Ukradł batonika w sklepie. Do jego domu weszli antyterroryści

Niecodzienny incydent miał miejsce w Wadowicach. Jak informuje Polsat News, 43-letni mężczyzna został przyłapany na drobnej kradzieży w sklepie. Dziennikarze ustalili nieoficjalnie, że chodziło o kradzież batonika. Jego agresywne zachowanie wobec świadków sprawiło jednak, że policja sklasyfikowała to jako kradzież zuchwałą, która jest przestępstwem, a nie wykroczeniem.
Złodziej dał się nagrać kamerze monitoringu, więc policja mogła ustalić jego tożsamość.
Gdy policjanci zapukali do jego drzwi, mężczyzna od początku był agresywny i nie chciał ich wpuścić. W końcu zabarykadował się w mieszkaniu. Policja wiedziała, że w środku przebywa także jego partnerka i półtoraroczne dziecko.

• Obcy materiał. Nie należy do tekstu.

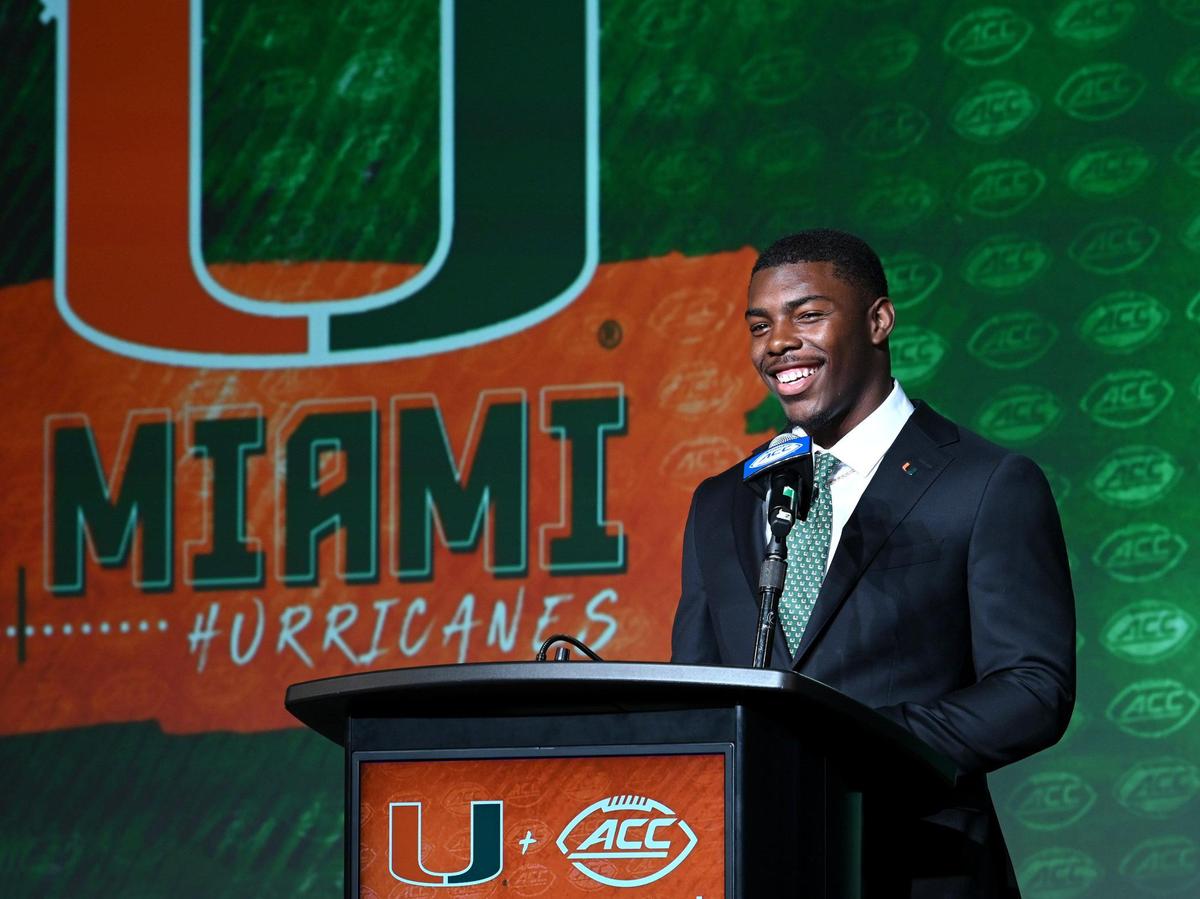 Miami Hurricanes safety Kamren Kinchens laughs as he answers a question during the first day of the 2023 ACC Football Kickoff event in Charlotte, NC on Tuesday, July 25, 2023.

Policjanci założyli, że mężczyzna może być uzbrojony. Wiedzieli także, że ma psa niebezpiecznej rasy amstaff. Wobec tego na miejsce wezwano wsparcie – policyjnych negocjatorów i funkcjonariuszy z pododdziału terrorystycznego.
Negocjacje nie przyniosły skutku. Policja poinformowała, że wobec tego antyterroryści zdecydowali się na siłowe wejście do lokalu. 43-latek i jego partnerka zostali zatrzymani, po czym zawieziono ich na badania lekarskie. Dziecko trafiło do rodziny zastępczej. Policja poinformowała, że w trakcie tej akcji nikt nie ucierpiał.